Luzzati A L, Tosi R M, Carbonara A O
J Exp Med. 1970 Aug 1;132(2):199-210. doi: 10.1084/jem.132.2.199.
10(6) splenocytes from primed donors were injected, together with sheep erythrocytes (SRBC), into X-irradiated syngeneic mice. 8 days later the spleens were excised and cut into small fragments, keeping track of their location in the organ. Each fragment was cultured individually for 24 hr in the presence of (14)C amino acids and the culture fluids were assayed for antibody activity. The antibody-producing fragments were found to be clustered in few restricted areas (foci) surrounded by negative tissue. The anti-SRBC antibody from single foci was purified by absorption on stroma followed by acid elution. Thereafter, it was subjected to electrophoresis and immunoelectrophoresis. The radioautography of the runs showed a considerable degree of homogeneity. Distinct and sharp spikes were localized in the beta and gamma region. The pattern of each focus is unique from the point of view of the number of spikes and their mobility. Eluates obtained from many pooled fragments gave a broad radioactive smear in beta-gamma region. Many foci synthesized antibody migrating as a single band. This homogeneous protein is probably the product of a clone of cells homogeneously differentiated. However, some foci producing two and probably more antibody bands were also encountered. Two interpretations of the finding can be given. Either more than one precursor may participate in the formation of a focus or a differentiation switch may occur during the clonal expansion.

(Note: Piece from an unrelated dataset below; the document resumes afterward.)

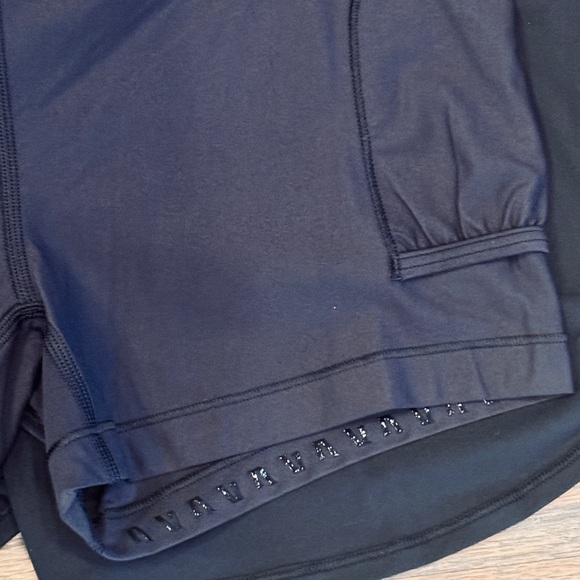 Vuori Baseline Women's Black Tennis Skirt - Picture 7 of 10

将来自致敏供体的10(6)个脾细胞与绵羊红细胞(SRBC)一起注射到经X射线照射的同基因小鼠体内。8天后,切除脾脏并切成小碎片,记录它们在器官中的位置。每个碎片在含有(14)C氨基酸的情况下单独培养24小时,然后检测培养液中的抗体活性。发现产生抗体的碎片聚集在少数几个由阴性组织包围的受限区域(病灶)中。来自单个病灶的抗SRBC抗体通过在基质上吸附然后酸洗脱进行纯化。此后,对其进行电泳和免疫电泳。电泳的放射自显影片显示出相当程度的同质性。在β和γ区域定位有明显且尖锐的峰。从峰的数量及其迁移率来看,每个病灶的模式都是独特的。从许多合并碎片中获得的洗脱液在β-γ区域产生宽的放射性涂片。许多病灶合成的抗体迁移为单一带。这种同质蛋白质可能是均匀分化的细胞克隆的产物。然而,也遇到了一些产生两条且可能更多抗体带的病灶。对这一发现可以有两种解释。要么不止一种前体可能参与病灶的形成,要么在克隆扩增过程中可能发生分化转换。